> _Task objective_
Only an exact repetition of the entries counts as an answer.

────────────────────────────────────────

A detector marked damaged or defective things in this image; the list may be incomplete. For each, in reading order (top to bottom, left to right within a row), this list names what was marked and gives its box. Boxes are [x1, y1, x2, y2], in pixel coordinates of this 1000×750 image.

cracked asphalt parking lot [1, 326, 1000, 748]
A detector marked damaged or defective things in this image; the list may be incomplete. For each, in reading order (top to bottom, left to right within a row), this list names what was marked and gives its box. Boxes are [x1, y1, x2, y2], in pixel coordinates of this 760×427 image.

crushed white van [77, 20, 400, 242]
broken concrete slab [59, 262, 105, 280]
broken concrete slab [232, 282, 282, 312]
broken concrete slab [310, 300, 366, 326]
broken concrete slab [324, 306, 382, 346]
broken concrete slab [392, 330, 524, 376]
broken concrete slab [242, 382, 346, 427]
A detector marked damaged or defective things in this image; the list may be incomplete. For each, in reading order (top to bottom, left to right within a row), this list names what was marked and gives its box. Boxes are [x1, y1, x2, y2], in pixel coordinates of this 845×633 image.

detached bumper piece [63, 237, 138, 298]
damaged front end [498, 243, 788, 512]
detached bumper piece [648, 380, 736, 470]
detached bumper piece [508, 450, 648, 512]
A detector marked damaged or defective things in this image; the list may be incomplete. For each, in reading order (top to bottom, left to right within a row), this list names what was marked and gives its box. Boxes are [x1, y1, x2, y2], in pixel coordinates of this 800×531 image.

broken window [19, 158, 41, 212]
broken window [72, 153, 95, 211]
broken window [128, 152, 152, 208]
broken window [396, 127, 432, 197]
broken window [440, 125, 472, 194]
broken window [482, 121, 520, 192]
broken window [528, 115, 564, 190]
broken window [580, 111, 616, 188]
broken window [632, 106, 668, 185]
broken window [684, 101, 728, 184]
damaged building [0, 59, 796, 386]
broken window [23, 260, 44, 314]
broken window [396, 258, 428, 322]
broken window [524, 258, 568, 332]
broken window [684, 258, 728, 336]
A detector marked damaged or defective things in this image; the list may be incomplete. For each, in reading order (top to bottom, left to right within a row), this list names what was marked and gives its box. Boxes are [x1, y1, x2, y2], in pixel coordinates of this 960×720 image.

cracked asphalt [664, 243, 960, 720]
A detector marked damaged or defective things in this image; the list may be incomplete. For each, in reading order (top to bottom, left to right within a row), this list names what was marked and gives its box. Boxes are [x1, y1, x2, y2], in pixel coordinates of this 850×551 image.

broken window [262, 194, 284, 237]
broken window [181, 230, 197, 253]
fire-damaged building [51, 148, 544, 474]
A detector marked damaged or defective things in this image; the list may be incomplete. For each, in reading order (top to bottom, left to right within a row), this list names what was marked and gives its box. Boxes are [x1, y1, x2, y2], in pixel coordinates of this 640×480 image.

────────────────────────────────────────

> _Written answer_
A detector marked damaged or defective things in this image; the list may be incomplete. For each, in reading order (top to bottom, left to right within a row), this list names what was marked and gives its box. Boxes are [x1, y1, x2, y2], in pixel coordinates of this 1000×750 image.

cracked asphalt parking lot [1, 326, 1000, 748]
A detector marked damaged or defective things in this image; the list may be incomplete. For each, in reading order (top to bottom, left to right within a row), this list names what was marked and gives its box. Boxes are [x1, y1, x2, y2], in pixel coordinates of this 760×427 image.

crushed white van [77, 20, 400, 242]
broken concrete slab [59, 262, 105, 280]
broken concrete slab [232, 282, 282, 312]
broken concrete slab [310, 300, 366, 326]
broken concrete slab [324, 306, 382, 346]
broken concrete slab [392, 330, 524, 376]
broken concrete slab [242, 382, 346, 427]
A detector marked damaged or defective things in this image; the list may be incomplete. For each, in reading order (top to bottom, left to right within a row), this list names what was marked and gives its box. Boxes are [x1, y1, x2, y2], in pixel coordinates of this 845×633 image.

detached bumper piece [63, 237, 138, 298]
damaged front end [498, 243, 788, 512]
detached bumper piece [648, 380, 736, 470]
detached bumper piece [508, 450, 648, 512]
A detector marked damaged or defective things in this image; the list may be incomplete. For each, in reading order (top to bottom, left to right within a row), this list names what was marked and gives its box. Boxes are [x1, y1, x2, y2], in pixel coordinates of this 800×531 image.

broken window [19, 158, 41, 212]
broken window [72, 153, 95, 211]
broken window [128, 152, 152, 208]
broken window [396, 127, 432, 197]
broken window [440, 125, 472, 194]
broken window [482, 121, 520, 192]
broken window [528, 115, 564, 190]
broken window [580, 111, 616, 188]
broken window [632, 106, 668, 185]
broken window [684, 101, 728, 184]
damaged building [0, 59, 796, 386]
broken window [23, 260, 44, 314]
broken window [396, 258, 428, 322]
broken window [524, 258, 568, 332]
broken window [684, 258, 728, 336]
A detector marked damaged or defective things in this image; the list may be incomplete. For each, in reading order (top to bottom, left to right within a row), this list names what was marked and gives its box. Boxes are [x1, y1, x2, y2], in pixel coordinates of this 960×720 image.

cracked asphalt [664, 243, 960, 720]
A detector marked damaged or defective things in this image; the list may be incomplete. For each, in reading order (top to bottom, left to right within a row), this list names what was marked and gives its box. Boxes are [x1, y1, x2, y2], in pixel coordinates of this 850×551 image.

broken window [262, 194, 284, 237]
broken window [181, 230, 197, 253]
fire-damaged building [51, 148, 544, 474]
A detector marked damaged or defective things in this image; the list may be incomplete. For each, in reading order (top to bottom, left to right within a row), this list names what was marked and gives its box. Boxes are [x1, y1, x2, y2], in pixel coordinates of this 640×480 image.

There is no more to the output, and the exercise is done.